Four years ago, a mother was four times as old
as her daughter. Six years later, the mother will
be two and a half times as old as her daughter at
that time. Find the present ages of mother and her
daughter
Answers
Answer:
let x be the present age of mother
let y be the present age of daughter
Answer:
The mother's age is 44 years and her daughter's age is 14 years.
Given:
- Four years ago, a mother was four times as old as her daughter.
- Six years later, the mother will be two and a half times as old as her daughter at that time.
To find:
- The present age of mother and her daughter.
Solution:
Let the present ages of mother and her daughter be x and y years respectively.
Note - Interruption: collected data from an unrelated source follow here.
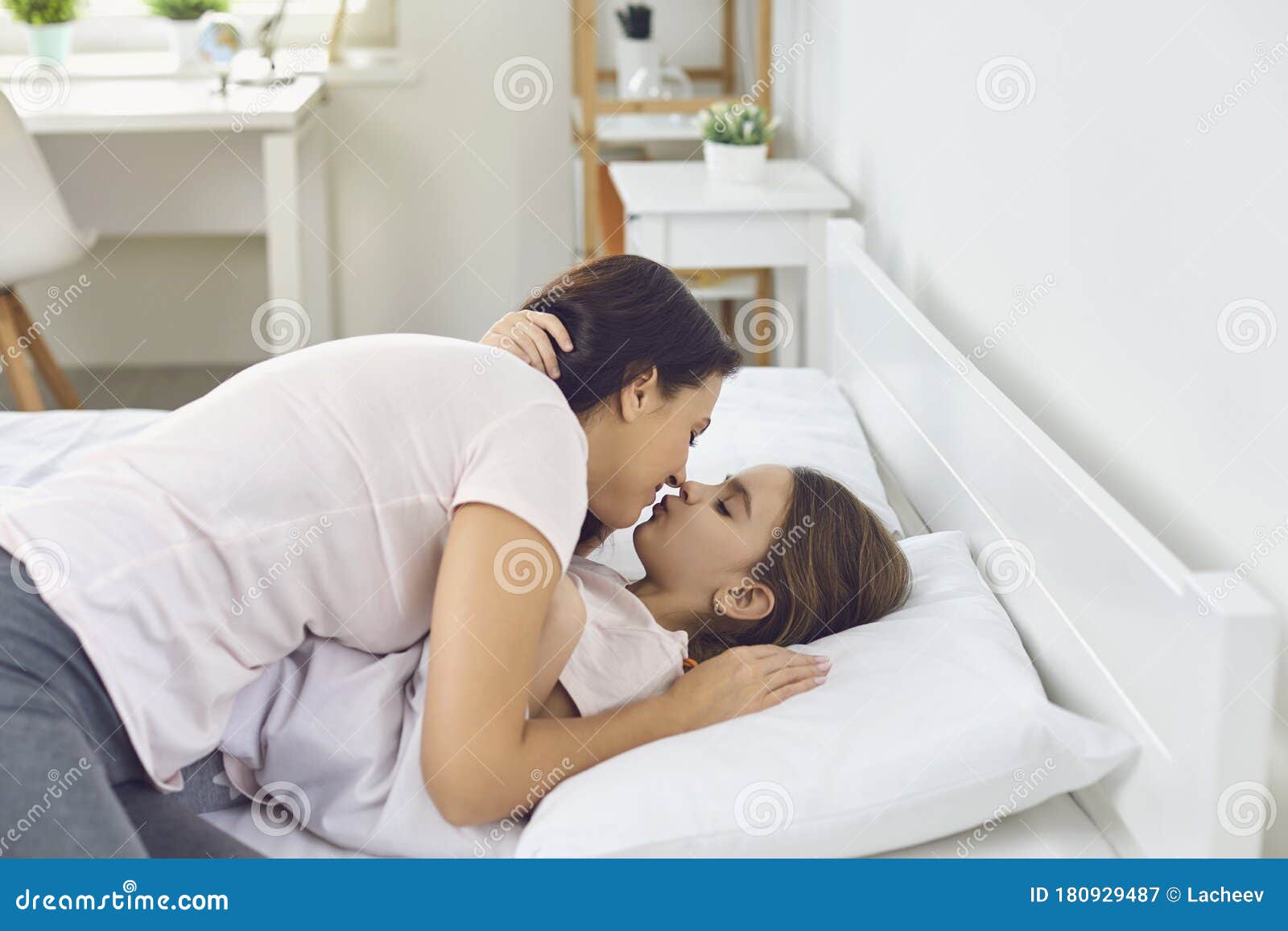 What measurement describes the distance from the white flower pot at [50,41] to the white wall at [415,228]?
0.50 meters

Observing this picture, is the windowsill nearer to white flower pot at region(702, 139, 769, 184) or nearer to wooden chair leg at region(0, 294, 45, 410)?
wooden chair leg at region(0, 294, 45, 410)

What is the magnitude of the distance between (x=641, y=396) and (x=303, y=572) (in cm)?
32

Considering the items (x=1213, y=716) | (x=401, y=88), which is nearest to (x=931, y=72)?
(x=1213, y=716)

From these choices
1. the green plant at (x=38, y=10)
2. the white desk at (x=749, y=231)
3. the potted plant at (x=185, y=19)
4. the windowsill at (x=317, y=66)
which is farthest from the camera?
the windowsill at (x=317, y=66)

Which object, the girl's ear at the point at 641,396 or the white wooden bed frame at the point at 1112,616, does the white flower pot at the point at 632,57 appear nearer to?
the white wooden bed frame at the point at 1112,616

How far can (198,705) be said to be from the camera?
0.98 meters

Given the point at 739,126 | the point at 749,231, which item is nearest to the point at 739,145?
the point at 739,126

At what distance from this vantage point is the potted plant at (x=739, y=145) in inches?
97.1

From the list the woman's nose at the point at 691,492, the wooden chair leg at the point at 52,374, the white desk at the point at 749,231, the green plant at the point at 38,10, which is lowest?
the wooden chair leg at the point at 52,374

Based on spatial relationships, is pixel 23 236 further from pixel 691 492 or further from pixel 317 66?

According to the first condition.
=> x - 4 = 4 (y - 4)
=> x - 4 = 4y - 16
=> x - 4y = - 12...(1)
According to the second condition.
=> x + 6 = 2½ (y + 6)
=> x + 6 = 5/2 (y + 6)
=> x + 6 = 2.5 (y + 6)
=> x + 6 = 2.5y + 15
=> x - 2.5y = 9...(2)
Subtract equation (1) from equation (2), we get
⠀⠀x - 2.5y = 9
⠀-
⠀⠀x -⠀4y = - 12
_______________
⠀⠀=> 1.5y = 21
Multiply both sides by 2, we get
⠀⠀=> 3y = 42
⠀⠀=> y = 42/3
⠀⠀=> y = 14
Substitute y = 14 in equation (2), we get
⠀⠀=> x - 2.5 (14) = 9
⠀⠀=> x = 9 + 35
⠀⠀=> x = 44
Therefore, the mother's age is 44 years and her daughter's age is 14 years.